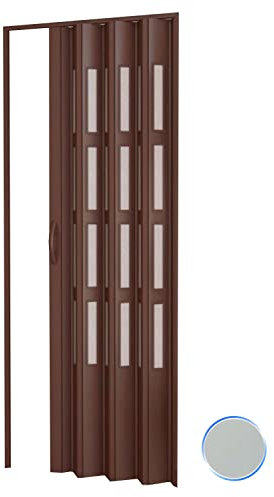 Porte accordéons pliante intérieur en kit avec verre en PVC Grise 82x220 cm mod. Sonia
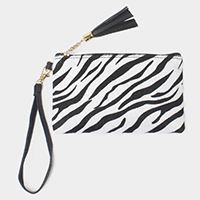 Zebra Hair Wristlet Pouch Bag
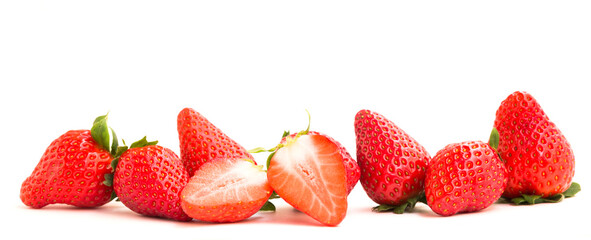 fresh appetizing strawberries on white background with a place for inscription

→ TASK DETAILS: Exclude the pictures. Write out the remaining data exactly.

→ SOLVED EXERCISE:
 Porte accordéons pliante intérieur en kit avec verre en PVC Grise 82x220 cm mod. Sonia
 Zebra Hair Wristlet Pouch Bag
 fresh appetizing strawberries on white background with a place for inscription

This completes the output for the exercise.